From the first line through the one containing "Porte-clés Napoléon I", restate the listing word for word, and give no other lines.
==========
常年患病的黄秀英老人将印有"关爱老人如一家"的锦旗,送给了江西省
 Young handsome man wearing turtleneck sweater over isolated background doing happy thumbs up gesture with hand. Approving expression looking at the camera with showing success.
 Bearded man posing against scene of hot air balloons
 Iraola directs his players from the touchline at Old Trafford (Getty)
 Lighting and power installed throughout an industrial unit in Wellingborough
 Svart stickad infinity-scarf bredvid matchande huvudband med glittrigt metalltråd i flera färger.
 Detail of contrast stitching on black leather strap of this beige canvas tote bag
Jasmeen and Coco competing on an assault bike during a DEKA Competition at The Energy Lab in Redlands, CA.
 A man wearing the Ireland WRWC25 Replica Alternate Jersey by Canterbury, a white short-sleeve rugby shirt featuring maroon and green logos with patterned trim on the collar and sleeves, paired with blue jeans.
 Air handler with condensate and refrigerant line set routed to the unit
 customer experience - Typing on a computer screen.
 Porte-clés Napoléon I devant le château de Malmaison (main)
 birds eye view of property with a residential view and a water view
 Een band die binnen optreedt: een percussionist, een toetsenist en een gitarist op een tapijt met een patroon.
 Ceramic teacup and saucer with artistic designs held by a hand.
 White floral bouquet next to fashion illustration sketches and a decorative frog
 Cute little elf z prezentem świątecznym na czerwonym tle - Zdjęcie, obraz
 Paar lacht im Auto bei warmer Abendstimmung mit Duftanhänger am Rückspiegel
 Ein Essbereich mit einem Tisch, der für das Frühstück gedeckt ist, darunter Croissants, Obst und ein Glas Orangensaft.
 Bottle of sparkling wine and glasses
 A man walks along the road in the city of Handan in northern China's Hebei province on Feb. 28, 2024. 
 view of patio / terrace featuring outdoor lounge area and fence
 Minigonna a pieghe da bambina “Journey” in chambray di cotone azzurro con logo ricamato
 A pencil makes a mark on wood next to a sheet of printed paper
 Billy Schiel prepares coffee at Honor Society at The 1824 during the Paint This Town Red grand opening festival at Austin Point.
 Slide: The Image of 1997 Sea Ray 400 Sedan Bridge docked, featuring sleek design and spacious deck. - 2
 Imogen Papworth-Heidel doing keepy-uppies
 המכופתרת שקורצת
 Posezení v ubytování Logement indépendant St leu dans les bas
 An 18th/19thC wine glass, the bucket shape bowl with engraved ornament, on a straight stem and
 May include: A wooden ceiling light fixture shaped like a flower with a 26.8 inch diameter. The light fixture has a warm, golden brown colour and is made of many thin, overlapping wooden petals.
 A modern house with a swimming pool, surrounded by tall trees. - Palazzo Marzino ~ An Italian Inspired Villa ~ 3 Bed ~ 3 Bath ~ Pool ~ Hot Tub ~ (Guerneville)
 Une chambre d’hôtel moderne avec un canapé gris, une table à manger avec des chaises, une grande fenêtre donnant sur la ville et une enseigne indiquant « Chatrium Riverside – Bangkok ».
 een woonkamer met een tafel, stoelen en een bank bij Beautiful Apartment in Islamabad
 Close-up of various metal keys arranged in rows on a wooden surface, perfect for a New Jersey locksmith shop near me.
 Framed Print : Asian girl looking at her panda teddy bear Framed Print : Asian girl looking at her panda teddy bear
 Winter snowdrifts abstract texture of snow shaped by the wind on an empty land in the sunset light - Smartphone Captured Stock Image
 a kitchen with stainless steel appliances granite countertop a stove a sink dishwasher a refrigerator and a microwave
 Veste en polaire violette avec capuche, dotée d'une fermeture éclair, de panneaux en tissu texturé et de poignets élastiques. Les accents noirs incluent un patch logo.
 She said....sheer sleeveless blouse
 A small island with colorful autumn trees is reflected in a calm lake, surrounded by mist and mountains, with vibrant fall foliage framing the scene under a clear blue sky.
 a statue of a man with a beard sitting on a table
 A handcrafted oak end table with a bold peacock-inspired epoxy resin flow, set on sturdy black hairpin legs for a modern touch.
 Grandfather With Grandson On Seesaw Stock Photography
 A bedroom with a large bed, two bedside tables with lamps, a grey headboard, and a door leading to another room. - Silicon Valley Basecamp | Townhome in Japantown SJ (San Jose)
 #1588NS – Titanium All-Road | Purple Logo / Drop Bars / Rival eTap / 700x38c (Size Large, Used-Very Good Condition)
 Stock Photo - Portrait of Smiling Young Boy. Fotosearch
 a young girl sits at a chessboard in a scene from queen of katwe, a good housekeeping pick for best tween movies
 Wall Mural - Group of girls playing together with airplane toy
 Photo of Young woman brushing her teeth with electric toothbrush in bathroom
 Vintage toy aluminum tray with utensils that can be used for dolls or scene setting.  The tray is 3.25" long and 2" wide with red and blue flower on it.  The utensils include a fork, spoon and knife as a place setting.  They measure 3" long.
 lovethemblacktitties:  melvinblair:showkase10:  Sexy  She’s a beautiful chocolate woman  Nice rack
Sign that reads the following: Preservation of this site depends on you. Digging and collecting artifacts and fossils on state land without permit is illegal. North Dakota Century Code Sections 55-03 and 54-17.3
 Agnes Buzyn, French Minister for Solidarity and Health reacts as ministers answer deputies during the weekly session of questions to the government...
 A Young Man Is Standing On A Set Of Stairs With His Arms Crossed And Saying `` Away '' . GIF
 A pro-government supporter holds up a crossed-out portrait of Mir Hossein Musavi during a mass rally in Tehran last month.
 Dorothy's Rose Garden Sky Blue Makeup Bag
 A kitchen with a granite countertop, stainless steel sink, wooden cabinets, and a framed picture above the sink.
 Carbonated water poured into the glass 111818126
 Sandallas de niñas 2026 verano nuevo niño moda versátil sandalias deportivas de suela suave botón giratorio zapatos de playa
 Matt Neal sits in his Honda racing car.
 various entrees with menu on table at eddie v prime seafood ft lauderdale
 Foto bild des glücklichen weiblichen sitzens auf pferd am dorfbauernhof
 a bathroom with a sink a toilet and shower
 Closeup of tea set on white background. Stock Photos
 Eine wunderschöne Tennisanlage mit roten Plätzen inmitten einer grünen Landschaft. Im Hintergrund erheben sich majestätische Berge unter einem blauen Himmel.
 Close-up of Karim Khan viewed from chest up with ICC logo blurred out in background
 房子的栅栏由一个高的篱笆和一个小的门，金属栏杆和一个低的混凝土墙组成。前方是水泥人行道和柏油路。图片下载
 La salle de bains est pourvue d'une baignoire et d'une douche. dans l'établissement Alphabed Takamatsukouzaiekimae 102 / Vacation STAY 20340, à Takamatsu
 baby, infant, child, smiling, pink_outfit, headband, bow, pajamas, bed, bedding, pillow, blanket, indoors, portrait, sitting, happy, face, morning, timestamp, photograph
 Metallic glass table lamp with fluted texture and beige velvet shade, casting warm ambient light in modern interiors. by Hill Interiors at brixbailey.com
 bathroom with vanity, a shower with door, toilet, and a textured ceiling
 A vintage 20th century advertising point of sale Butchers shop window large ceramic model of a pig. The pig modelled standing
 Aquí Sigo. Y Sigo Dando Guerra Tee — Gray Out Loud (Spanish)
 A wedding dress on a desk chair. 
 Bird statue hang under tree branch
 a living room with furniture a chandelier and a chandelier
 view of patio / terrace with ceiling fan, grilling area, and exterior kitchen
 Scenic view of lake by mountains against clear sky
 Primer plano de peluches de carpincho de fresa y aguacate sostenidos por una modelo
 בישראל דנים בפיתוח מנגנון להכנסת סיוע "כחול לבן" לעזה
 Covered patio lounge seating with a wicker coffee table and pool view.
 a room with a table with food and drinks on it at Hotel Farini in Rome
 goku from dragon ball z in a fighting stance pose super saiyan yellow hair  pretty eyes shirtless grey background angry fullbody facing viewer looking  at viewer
==========
Response »
常年患病的黄秀英老人将印有"关爱老人如一家"的锦旗,送给了江西省
 Young handsome man wearing turtleneck sweater over isolated background doing happy thumbs up gesture with hand. Approving expression looking at the camera with showing success.
 Bearded man posing against scene of hot air balloons
 Iraola directs his players from the touchline at Old Trafford (Getty)
 Lighting and power installed throughout an industrial unit in Wellingborough
 Svart stickad infinity-scarf bredvid matchande huvudband med glittrigt metalltråd i flera färger.
 Detail of contrast stitching on black leather strap of this beige canvas tote bag
Jasmeen and Coco competing on an assault bike during a DEKA Competition at The Energy Lab in Redlands, CA.
 A man wearing the Ireland WRWC25 Replica Alternate Jersey by Canterbury, a white short-sleeve rugby shirt featuring maroon and green logos with patterned trim on the collar and sleeves, paired with blue jeans.
 Air handler with condensate and refrigerant line set routed to the unit
 customer experience - Typing on a computer screen.
 Porte-clés Napoléon I devant le château de Malmaison (main)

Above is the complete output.